◆ The task
The task for the listing below is to write out exactly the lines starting at the one containing "istock Corridor with" and ending at the one containing "Measures: 2'6 x", both included. Pictures are to be omitted.

◆ Source material
#####

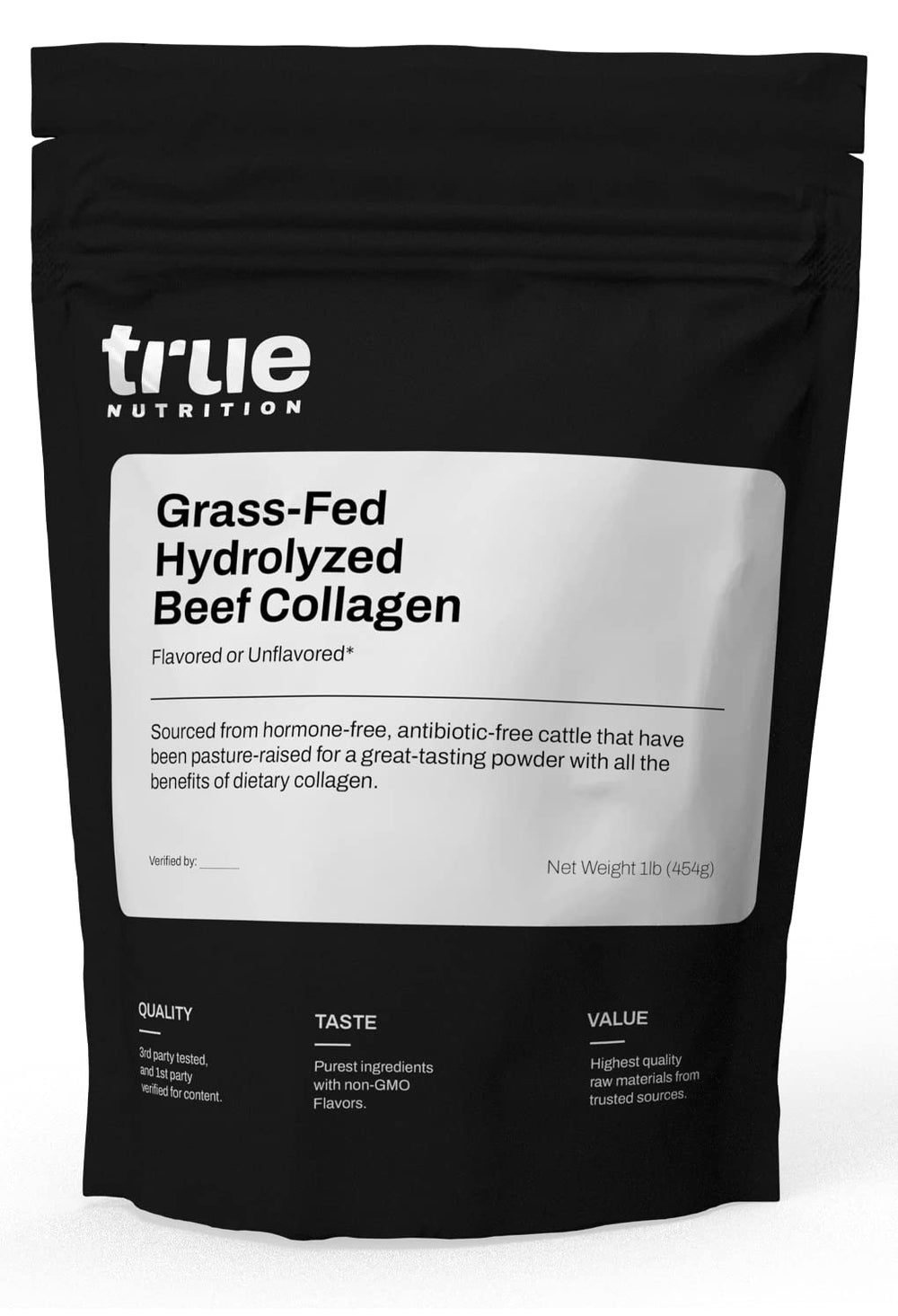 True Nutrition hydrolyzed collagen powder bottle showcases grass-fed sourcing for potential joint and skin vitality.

#####

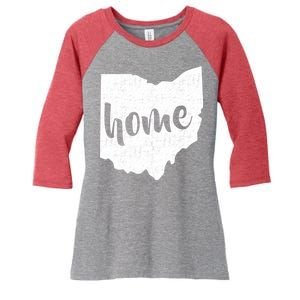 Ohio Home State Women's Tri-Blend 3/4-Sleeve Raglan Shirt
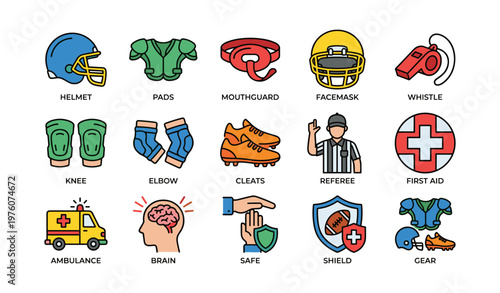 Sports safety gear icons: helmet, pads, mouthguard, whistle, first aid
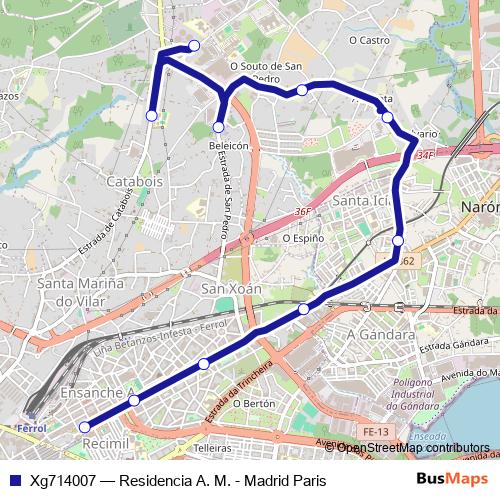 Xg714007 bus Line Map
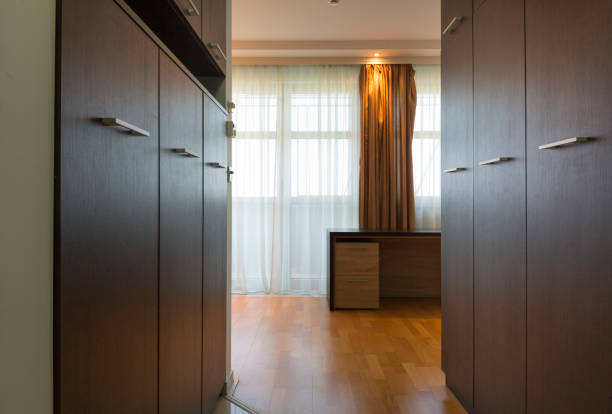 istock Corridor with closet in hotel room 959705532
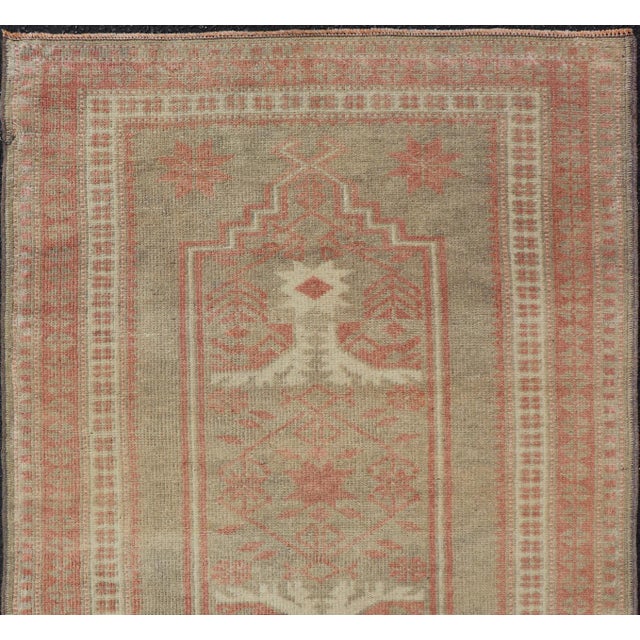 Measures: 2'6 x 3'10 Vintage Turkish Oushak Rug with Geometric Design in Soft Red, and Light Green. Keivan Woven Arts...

#####

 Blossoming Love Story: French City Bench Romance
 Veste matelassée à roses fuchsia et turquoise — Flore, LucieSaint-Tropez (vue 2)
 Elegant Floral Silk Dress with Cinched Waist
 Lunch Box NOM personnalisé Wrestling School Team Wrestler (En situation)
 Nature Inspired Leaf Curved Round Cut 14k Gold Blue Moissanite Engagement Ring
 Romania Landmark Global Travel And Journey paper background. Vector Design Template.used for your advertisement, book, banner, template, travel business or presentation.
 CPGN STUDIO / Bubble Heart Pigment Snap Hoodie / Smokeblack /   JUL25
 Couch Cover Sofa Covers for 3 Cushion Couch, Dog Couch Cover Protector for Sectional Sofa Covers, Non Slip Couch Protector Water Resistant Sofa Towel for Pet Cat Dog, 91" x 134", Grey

#####

◆ Response area
 istock Corridor with closet in hotel room 959705532
 Measures: 2'6 x 3'10 Vintage Turkish Oushak Rug with Geometric Design in Soft Red, and Light Green. Keivan Woven Arts...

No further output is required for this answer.